-- Supplied data follows --

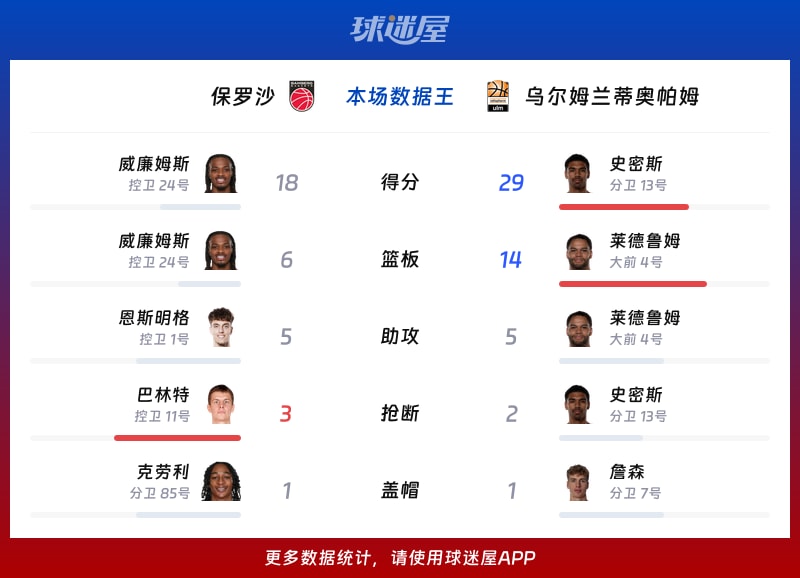 保罗沙vs乌尔姆兰蒂奥帕姆各项最佳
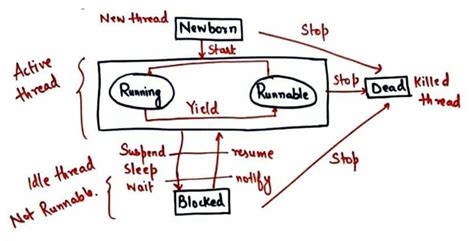 Image result for Types of Threads in Java
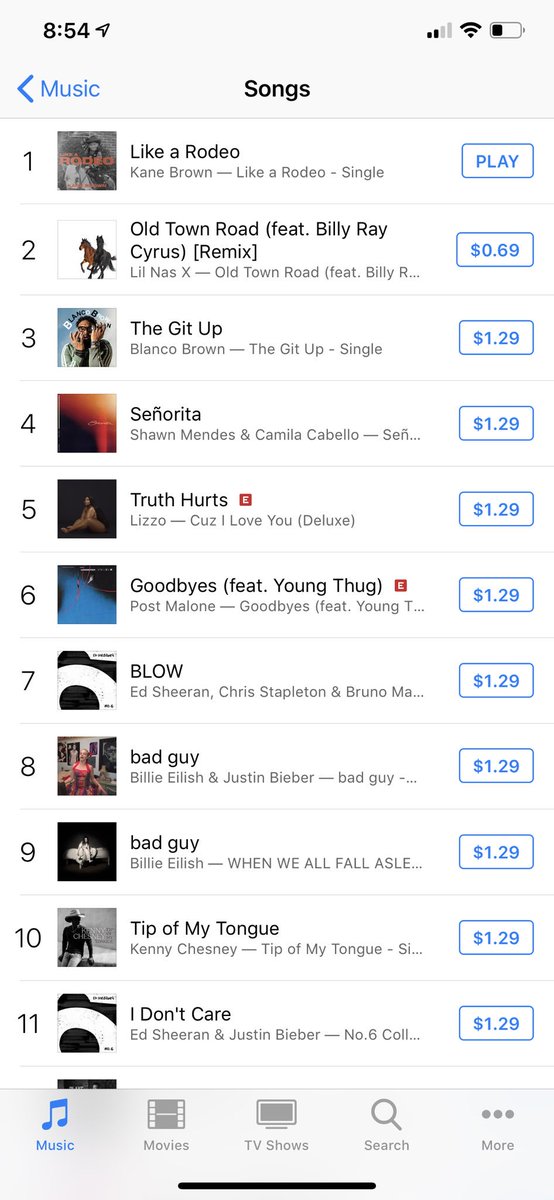 jessfiganiak's tweet image. #1 ALL GENRE NOT EVEN 12 HOURS AFTER RELEASE 💁🏼‍♀️ #ThatIsHowItsDone @kanebrown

-- Supplied data concluded --

▶ [Directions for this task]: Copy word for word every line from the one holding "Image result for Types of Threads in Java" to the end of the listing, both ends included, but do not copy any pictures.

▶ [Solved problem]:
 Image result for Types of Threads in Java
 jessfiganiak's tweet image. #1 ALL GENRE NOT EVEN 12 HOURS AFTER RELEASE 💁🏼‍♀️ #ThatIsHowItsDone @kanebrown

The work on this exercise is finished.